MATERIAL FOR THIS EXERCISE =

-------

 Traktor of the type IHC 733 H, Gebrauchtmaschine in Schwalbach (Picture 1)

-------

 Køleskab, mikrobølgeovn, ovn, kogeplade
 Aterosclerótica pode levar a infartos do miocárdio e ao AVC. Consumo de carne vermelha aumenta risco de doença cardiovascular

-------

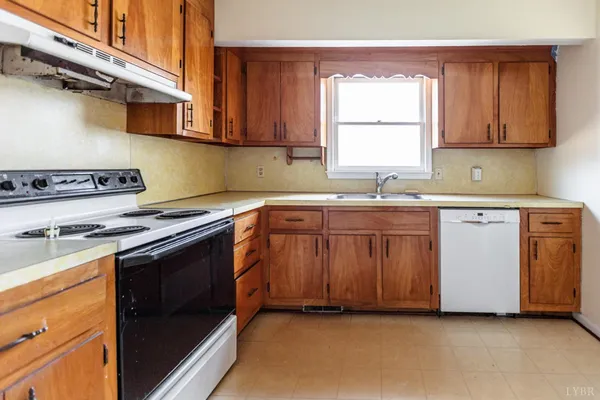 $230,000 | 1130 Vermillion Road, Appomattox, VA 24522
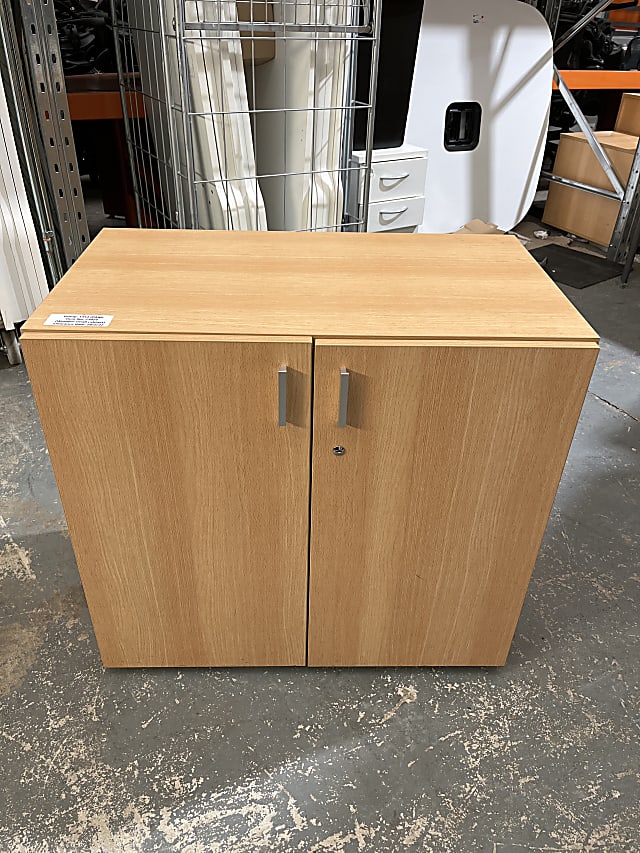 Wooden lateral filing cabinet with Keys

-------

DESCRIPTION OF THE TASK = Because only one stretch of the records is wanted, please output the lines from the one holding "Appomattox, VA 24522" through the one holding "Wooden lateral filing cabinet with Keys" exactly, both included, and leave every picture out.

ANSWER SPACE =
 $230,000 | 1130 Vermillion Road, Appomattox, VA 24522
 Wooden lateral filing cabinet with Keys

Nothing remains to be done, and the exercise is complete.